Identifying data anomalies | Hi, I am PQ Tan ☃️

One of my very first tasks as a data analyst was to familiarise myself with the data which the business is concerned about and try to observe if there is any data anomalies associated with them. This couldn’t be done without understanding the business processes and operations that the data is representing.

At first, it seems as though it’s an impossible task given the open nature of the problem. There was little to no guidance where to start. Given that the entire project team is newly hired, each of us has our struggles. No matter who you tried to ask, you realise that they know as little as you do.

So how should I complete this task?

Image credits: Freepik and Pixabay

The most obvious one is to find out how to obtain access to the data which the business users depend on. Some questions that you could ask include:

What type of data does the business generate and where is the data stored?
Is there any data warehouse available where access could be granted for analysis purposes?
What are business operations and processes and whether there is any documentation for reference?
Is there any upstream or downstream dependencies of the data? If so, is the data lineage diagram available?

Of course, the questions above are non-exhaustive. The questions to ask highly depend on the business problem and the industry that you’re in.

Once you have gotten access to the data, you can give it your best attempt to extract the data from the files,systems or databases for your analysis. Depending on the organisation’s tech stack and setup, you might need to scramble and speak to multiple individuals before getting the right credentials and configurations to establish a connection for data extraction. In the midst of all the emails and messages, you could realise that the data can only be extracted via a VPN or secured connection to prevent any unauthorised disclosure of the organisation’s proprietary information. Perhaps, you could only work on the dataset within a sandbox with limited tools available for your analysis. Depending on your past experience and exposure, you might not have used these tools before. Before you know it, you probably need to learn on the fly while getting the analysis done within the stipulated timeframe.

So, now you should have access to extract the data. But should you dive right into it? I have tried doing so. Only to find out that the size of the data that I am dealing with is massive. Millions of records with over hundreds of columns. Where and how should I start?
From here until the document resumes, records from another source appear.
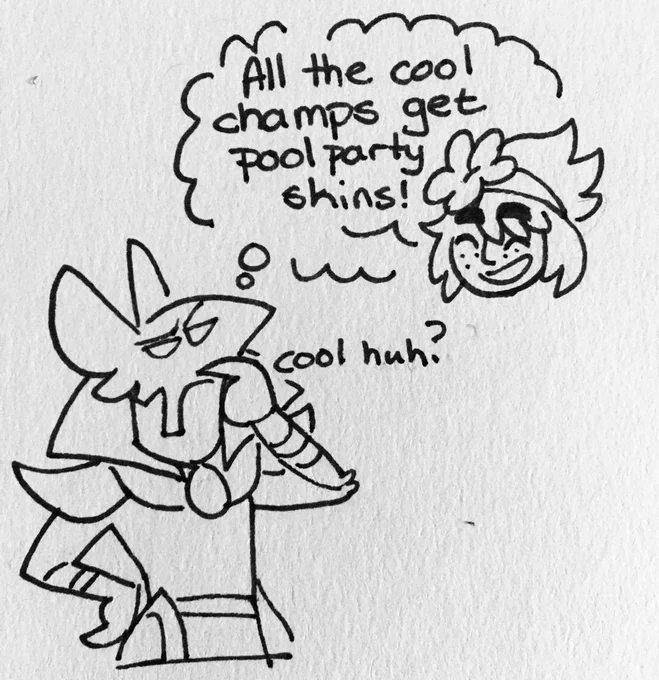 Bird grandpa tries to be cool at the BBQ cookout 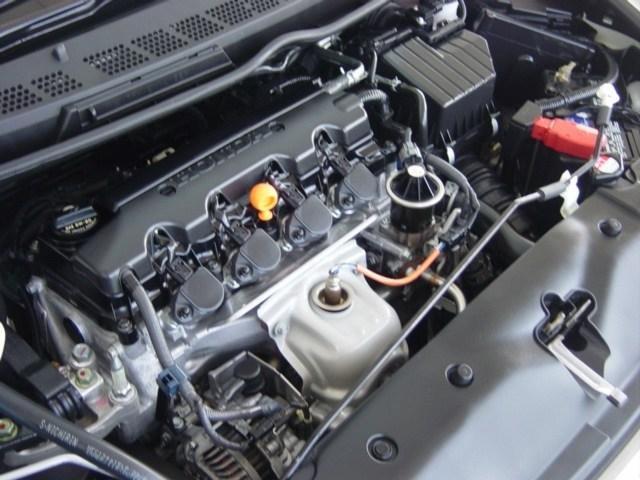 2011 Honda Civic Elk Conversion Van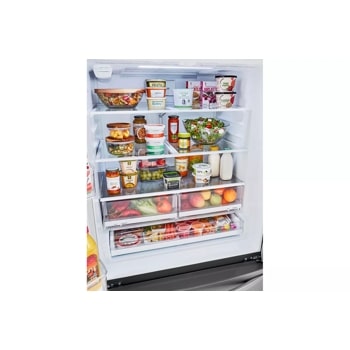 LG LRFCS29D6S - French Door Refrigerator at Doraville Store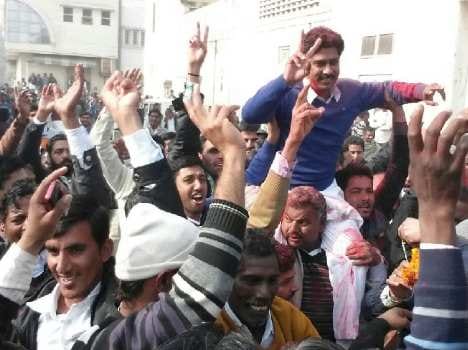 great victory of bjp in haryana zila parishan election result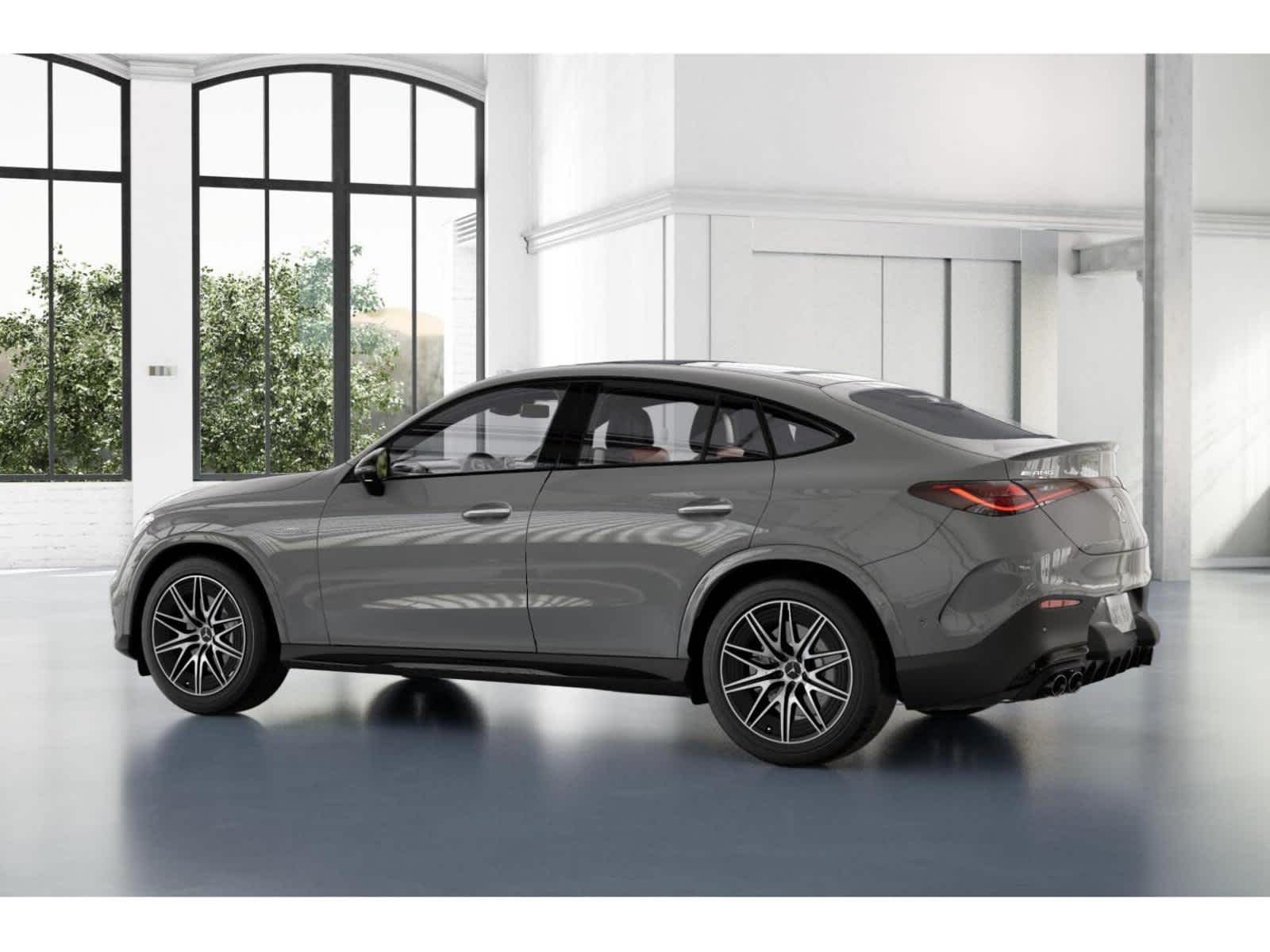 new 2025 Mercedes-Benz AMG GLC 43 car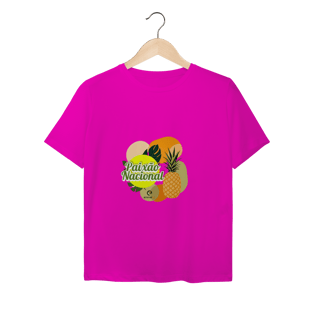 Nome do produto Camiseta baby long sport dry uv linha paixão nacional - abacaxi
Start with understanding the business meaning that the data represents and get hold of the metadata, if available. This would help you get a sense of what type of data you are dealing with and what are some of the underlying assumptions that you need to be aware of while working on the analysis. For instance, start_time can have multiple meanings in different contexts. Hence, it’s always useful to clarify any doubts or uncertainties with the business owners or relevant stakeholders so that you have a concrete idea of what the data represents. This also prevents unwarranted mistakes during the analysis.

Image credits: Pixabay

When dealing with a massive dataset, it is important to ask targeted questions relating to the business problem that we are trying to solve. For example, instead of looking through the entire data, we could explore a subset of the data that the business has concerns about in the recent quarter. This helps us to finalise our analysis and findings in a shorter time period allowing the business owners to take timely action(s) to address their concerns. With targeted scope, it’s also easier to spot any anomalies that might be of interest to the business.

It could be a daunting task for a data analyst (who is just starting out) to have a substantial understanding of the business domain and ability to familiarise and pick up proprietary tools used for analysis at the organisation before the actual work starts. That’s why we hear about people working as data analyst, data scientist, software engineers and other similar technical roles suffer from imposter syndrome. There is just so much to learn, so much we assume we need to know, and so much we just don’t know.

Looking on the bright side, a challenge can always be overcome by proactively searching and reading through relevant documentation, talking to the right person and keeping your ears and mind open. It’s also only when we’re challenged that we learn the most.